This is a rush transcript from "The Kelly File," March 3, 2014. This copy may not be in its final form and may be updated.
MARTHA MACCALLUM, GUEST HOST: Also breaking tonight, new questions over President Obama's handling of foreign policy is playing here at home. The Washington Post editorial board running these headlines, quote, "President Obama's foreign policy is based on fantasy." That in The Washington Post.
Robert Zimmerman is a veteran and democratic strategist and co-founder of Zimmerman/Edelson Public Relations. Robert, welcome. Good to have you with us tonight.
ROBERT ZIMMERMAN, VETERAN DEMOCRATIC STRATEGIST: Good to be with you.
MACCALLUM: What do you make of these criticisms of the president?
ZIMMERMAN: Well, certainly, let's be realistic about it. The criticisms you're hearing from many of the Republican leaders in the House and Senate are really just in fact -- all the proposals, really the proposals the White House is under is considering and planning to implement. So, there's political posturing from the Republican leadership, and it is unfortunate when you need unity to have this kind of posturing take place.
But it is really irrelevant, it's irrelevant for several reasons. First of all, the Republicans' Congress ratings are lower than any other branch of government. So, I think it is important not to overstate their influence politically. And secondly, in fact, you see a sense of unity in terms of the actions that are being put on the table.
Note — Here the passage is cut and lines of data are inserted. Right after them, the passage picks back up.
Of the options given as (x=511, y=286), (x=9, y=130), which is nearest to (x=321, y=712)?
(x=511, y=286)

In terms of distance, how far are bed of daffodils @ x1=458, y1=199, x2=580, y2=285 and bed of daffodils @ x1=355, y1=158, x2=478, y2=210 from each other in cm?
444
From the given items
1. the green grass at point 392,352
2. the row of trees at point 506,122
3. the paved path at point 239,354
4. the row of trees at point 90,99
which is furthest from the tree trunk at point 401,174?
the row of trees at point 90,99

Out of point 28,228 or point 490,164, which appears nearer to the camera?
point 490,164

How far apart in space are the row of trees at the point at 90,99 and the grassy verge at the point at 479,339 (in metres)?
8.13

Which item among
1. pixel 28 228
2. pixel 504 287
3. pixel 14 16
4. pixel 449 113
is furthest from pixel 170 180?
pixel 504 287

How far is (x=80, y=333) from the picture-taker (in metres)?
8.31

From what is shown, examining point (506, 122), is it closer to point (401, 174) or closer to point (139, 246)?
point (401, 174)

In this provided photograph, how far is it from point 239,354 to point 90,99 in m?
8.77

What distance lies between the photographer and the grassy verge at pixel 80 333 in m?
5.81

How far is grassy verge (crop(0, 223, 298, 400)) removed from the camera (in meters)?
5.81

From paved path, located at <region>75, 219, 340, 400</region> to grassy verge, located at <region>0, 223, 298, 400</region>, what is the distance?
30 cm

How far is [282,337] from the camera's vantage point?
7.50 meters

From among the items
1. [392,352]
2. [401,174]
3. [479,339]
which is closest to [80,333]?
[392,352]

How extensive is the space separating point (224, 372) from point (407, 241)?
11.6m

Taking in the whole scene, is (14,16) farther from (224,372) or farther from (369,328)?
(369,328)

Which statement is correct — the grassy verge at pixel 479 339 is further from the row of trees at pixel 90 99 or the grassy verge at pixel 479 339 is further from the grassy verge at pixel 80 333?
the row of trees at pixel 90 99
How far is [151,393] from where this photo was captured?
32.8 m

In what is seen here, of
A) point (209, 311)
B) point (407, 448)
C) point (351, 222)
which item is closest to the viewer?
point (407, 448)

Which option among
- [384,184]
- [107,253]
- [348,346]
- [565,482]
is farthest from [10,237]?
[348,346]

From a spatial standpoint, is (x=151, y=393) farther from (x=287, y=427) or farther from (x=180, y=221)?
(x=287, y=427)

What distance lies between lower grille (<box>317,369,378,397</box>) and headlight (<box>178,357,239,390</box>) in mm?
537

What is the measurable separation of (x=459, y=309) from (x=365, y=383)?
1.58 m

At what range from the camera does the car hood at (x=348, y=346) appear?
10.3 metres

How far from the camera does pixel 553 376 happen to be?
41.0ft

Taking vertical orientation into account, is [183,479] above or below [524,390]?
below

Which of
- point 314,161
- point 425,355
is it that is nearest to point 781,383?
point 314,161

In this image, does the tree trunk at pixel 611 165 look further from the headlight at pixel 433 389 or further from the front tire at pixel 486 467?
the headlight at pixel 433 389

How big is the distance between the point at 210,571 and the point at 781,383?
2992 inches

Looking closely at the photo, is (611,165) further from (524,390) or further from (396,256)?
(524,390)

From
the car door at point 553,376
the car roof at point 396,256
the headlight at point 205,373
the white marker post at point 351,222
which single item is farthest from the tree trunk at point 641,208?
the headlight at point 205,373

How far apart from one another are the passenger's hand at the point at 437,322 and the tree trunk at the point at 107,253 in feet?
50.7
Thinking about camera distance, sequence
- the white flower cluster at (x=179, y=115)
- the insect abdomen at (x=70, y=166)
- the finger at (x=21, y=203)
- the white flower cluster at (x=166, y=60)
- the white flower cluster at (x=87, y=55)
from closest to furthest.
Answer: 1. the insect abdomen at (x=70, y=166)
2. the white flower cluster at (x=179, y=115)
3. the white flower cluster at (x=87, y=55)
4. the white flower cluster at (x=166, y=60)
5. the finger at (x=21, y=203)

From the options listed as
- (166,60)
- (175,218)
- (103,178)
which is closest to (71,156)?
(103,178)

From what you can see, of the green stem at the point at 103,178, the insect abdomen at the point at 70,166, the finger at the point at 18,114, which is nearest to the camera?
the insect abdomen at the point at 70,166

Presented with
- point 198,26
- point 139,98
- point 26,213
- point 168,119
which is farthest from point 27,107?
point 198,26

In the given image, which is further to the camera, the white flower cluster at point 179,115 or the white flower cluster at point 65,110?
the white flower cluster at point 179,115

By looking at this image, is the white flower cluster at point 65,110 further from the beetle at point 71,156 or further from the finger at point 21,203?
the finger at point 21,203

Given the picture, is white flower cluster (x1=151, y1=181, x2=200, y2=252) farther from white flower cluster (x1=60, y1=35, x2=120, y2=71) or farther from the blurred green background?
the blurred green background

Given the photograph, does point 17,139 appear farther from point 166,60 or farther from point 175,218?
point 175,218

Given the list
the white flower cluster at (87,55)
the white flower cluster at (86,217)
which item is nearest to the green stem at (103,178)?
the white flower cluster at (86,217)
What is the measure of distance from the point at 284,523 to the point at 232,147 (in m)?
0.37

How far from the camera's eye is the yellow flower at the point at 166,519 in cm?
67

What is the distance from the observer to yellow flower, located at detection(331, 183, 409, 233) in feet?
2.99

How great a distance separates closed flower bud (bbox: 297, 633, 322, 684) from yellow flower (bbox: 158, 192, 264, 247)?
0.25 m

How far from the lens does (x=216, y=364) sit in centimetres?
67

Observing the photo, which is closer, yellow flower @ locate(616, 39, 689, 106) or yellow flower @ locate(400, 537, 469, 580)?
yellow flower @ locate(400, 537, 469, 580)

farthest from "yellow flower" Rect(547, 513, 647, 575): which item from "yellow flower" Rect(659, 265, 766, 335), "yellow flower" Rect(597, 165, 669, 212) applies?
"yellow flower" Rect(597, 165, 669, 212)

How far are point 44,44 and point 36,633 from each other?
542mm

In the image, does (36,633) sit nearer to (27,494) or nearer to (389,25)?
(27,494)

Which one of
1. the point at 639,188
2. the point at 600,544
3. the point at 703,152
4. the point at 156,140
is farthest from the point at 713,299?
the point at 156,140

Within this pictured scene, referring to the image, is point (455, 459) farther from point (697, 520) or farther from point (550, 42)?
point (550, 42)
MACCALLUM: But let's take a look at some of the reactions of some of those who have spoken out about what's going on. Watch this.
(BEGIN VIDEO CLIPS)
SEN. JOHN MCCAIN, R-ARIZ.: This is the ultimate result of a feckless foreign policy where nobody believes in America's strength anymore.
REP. MIKE ROGERS, R-MICH.: Russia believes that there is nothing going to stop them
Putin is playing chess, and I think we are playing marbles.
SEN. CHRIS COONS, D-DE.: I frankly think this is partly a result of our perceived weakness because of our actions in Syria.
SEN. LINDSEY GRAHAM, R-S.C.: We have a weak and indecisive president that invites aggression.
(END VIDEO CLIPS)
MACCALLUM: Robert, I mean, you heard all that criticism over the weekend.
ZIMMERMAN: Of course, you know, Martha if you could implement foreign policy through sound bites or tweets then maybe their comments would be relevant. The reality is negotiations are a serious and difficult process. And this president, President Obama showed himself to be very effective at building coalitions. We saw that with the sanctions that were implemented in Iran which ultimately forced the peace process to move forward. And clearly, he is working well with our European allies in putting sanctions in place.
But, you know, I'm not saying, we don't stumble as we did in Syria, I would rather have an administration stumble in terms of building negotiations and building coalitions than stumble into war like we saw in the previous Bush administration.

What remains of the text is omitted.